The Scandinavians and Norwegians generally , are widely known as brilliant designers, have designed and crafted items of table-porcelain, silver ware, crystal, linen. What isn't widely known is that they're excellent cooks as well. It should stand to reason, however, that a people who care so much about the way a table looks would also care about the food that's put on it. The Scandinavians do.
Then why is Norwegian & Scandinavian cooking relatively unknown? The Scandinavians are in a way themselves to blame. Having industrialised late and thus begun to emerge from a background of rural poverty only within the last century, they still tend to see their native cuisine in humble terms.
So what is Norwegian & Scandinavian cuisine? It's many things-fish, pork and poultry, as well as beets, potatoes, cucumbers, dill, parsley and horseradish, broiled, baked, and smoked apples. The cooking is pure and simple. Foods taste of themselves.
Scandinavian and Norwegian ingredients in particular come from the sea, a fresh-water lake, or even the earth. And some, like the lingonberry or the mushroom, don't only come from the forest, but bring a breath of pines or birches to the table with them. It's this palatable communion with nature that makes Scandinavian & Norwegian food appealing.
Scandinavian food is romantic. There's something about the fairy tale-curds and whey, porridge, and fruit tarts. The distant past clings to it. Descendants of the Vikings today consume some of the dishes the Vikings ate. The Vikings loved oysters and mussels. They savored mutton, cheese, cabbage, apples, onions, berries and nuts, and all these continue to be staples of the Scandinavian diet. The Vikings raised chickens and geese.

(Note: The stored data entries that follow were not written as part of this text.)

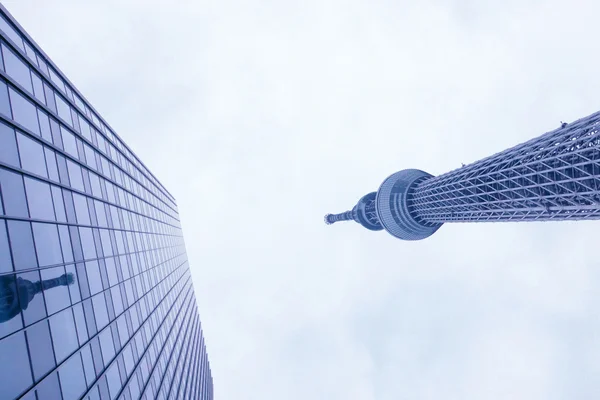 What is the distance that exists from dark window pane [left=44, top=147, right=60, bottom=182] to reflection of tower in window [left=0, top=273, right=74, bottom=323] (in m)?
6.33

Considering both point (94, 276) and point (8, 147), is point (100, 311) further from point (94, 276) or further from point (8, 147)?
point (8, 147)

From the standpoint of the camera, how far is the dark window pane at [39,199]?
719 inches

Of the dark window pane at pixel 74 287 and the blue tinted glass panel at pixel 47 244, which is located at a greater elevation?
the blue tinted glass panel at pixel 47 244

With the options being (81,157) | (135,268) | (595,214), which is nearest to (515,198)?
(595,214)

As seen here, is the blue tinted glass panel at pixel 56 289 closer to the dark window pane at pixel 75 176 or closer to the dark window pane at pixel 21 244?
the dark window pane at pixel 21 244

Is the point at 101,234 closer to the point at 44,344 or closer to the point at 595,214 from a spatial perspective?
the point at 44,344

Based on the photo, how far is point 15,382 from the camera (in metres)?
14.5

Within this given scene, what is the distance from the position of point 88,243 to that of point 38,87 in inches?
371

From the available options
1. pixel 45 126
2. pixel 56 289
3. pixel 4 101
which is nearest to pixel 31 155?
pixel 4 101

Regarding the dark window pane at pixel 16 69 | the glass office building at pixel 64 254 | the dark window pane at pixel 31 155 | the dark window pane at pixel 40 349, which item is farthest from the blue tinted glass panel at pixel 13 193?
the dark window pane at pixel 16 69

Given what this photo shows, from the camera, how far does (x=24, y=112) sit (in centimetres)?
1950

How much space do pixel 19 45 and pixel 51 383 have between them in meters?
16.3

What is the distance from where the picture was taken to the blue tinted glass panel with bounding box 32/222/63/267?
717 inches

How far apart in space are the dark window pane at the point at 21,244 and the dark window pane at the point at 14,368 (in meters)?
2.85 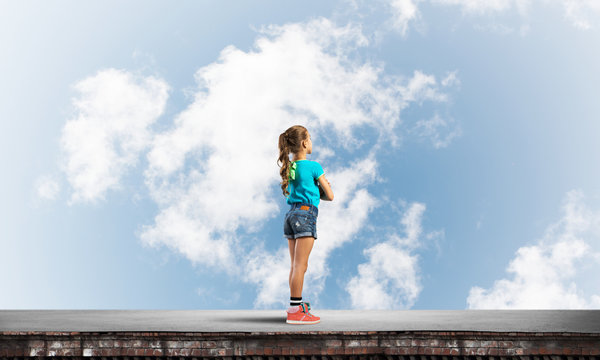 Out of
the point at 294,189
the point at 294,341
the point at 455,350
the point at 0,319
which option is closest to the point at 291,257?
the point at 294,189

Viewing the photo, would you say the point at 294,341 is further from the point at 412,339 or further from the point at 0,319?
the point at 0,319

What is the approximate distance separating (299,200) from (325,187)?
0.35m

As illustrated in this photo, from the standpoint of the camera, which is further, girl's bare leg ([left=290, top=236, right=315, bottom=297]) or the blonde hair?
the blonde hair

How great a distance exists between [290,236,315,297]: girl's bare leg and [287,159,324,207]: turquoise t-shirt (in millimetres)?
438

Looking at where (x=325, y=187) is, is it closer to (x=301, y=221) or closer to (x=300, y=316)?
(x=301, y=221)

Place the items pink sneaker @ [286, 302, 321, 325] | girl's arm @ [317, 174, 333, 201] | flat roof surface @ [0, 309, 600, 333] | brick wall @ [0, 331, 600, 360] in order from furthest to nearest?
girl's arm @ [317, 174, 333, 201] → pink sneaker @ [286, 302, 321, 325] → flat roof surface @ [0, 309, 600, 333] → brick wall @ [0, 331, 600, 360]

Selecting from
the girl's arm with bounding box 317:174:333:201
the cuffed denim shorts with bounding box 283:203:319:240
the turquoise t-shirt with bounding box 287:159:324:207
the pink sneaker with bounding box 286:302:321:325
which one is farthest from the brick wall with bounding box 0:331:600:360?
the girl's arm with bounding box 317:174:333:201

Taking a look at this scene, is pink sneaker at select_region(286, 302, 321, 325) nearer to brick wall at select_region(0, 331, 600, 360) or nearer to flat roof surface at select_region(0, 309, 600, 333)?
flat roof surface at select_region(0, 309, 600, 333)

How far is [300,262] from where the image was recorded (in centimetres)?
684

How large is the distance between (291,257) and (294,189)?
80cm

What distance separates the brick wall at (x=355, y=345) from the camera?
17.3ft

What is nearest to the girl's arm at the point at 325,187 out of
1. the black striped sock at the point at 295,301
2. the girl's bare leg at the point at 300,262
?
the girl's bare leg at the point at 300,262

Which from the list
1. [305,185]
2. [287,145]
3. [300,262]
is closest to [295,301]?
[300,262]

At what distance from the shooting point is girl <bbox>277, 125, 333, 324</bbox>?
678 cm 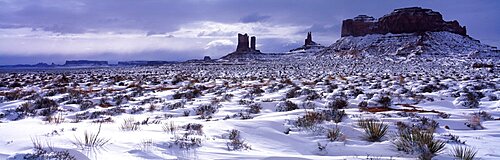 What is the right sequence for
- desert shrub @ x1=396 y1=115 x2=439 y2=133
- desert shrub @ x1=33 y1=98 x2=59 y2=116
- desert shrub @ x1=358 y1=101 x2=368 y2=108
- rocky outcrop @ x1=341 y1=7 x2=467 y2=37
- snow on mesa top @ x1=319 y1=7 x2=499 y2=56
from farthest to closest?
rocky outcrop @ x1=341 y1=7 x2=467 y2=37 < snow on mesa top @ x1=319 y1=7 x2=499 y2=56 < desert shrub @ x1=358 y1=101 x2=368 y2=108 < desert shrub @ x1=33 y1=98 x2=59 y2=116 < desert shrub @ x1=396 y1=115 x2=439 y2=133

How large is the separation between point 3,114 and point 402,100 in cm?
1090

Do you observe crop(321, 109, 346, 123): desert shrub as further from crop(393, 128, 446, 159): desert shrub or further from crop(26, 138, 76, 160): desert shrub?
crop(26, 138, 76, 160): desert shrub

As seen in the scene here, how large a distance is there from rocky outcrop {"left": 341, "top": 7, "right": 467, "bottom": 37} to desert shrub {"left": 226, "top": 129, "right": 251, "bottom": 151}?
368 ft

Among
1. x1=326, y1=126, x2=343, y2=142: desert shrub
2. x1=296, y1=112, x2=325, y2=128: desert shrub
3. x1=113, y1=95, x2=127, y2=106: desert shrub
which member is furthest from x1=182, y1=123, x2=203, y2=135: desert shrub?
x1=113, y1=95, x2=127, y2=106: desert shrub

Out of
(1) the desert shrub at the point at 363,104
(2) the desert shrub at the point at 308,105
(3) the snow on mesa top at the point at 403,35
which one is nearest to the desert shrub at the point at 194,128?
(2) the desert shrub at the point at 308,105

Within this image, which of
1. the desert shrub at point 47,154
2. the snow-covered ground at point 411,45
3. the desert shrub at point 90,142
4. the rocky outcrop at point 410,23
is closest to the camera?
the desert shrub at point 47,154

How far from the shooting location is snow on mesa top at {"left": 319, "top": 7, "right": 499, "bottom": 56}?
296 feet

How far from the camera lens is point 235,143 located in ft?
17.4

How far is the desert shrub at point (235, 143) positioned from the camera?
5.16 m

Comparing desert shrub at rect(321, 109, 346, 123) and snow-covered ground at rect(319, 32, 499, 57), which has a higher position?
snow-covered ground at rect(319, 32, 499, 57)

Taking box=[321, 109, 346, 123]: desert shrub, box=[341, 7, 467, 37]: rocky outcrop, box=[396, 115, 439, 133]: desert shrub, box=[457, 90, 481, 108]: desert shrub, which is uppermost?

They hunted wild birds, elk, deer and bear, just as their modern counterparts do. Even a few of the more esoteric tastes of the Vikings live on. The Norwegians insist that a whale steak properly marinated and broiled can taste as good as beef. Some Swedes rave about smoked horseflesh, which they refer to as "hamburger" and buy thinly sliced.
To cook the Scandinavian and the Norwegian way is to re-create the past. For hundreds of years many of the recipes being used today weren't written down but handed down, like folk ballads, mouth to mouth, memory to memory. Who can begin to trace the evolution, much less approximate the age of a dish like herring salad, eaten for so long and so thoroughly enjoyed that it's now found not only throughout Scandinavia, but wherever Scandinavians have gone?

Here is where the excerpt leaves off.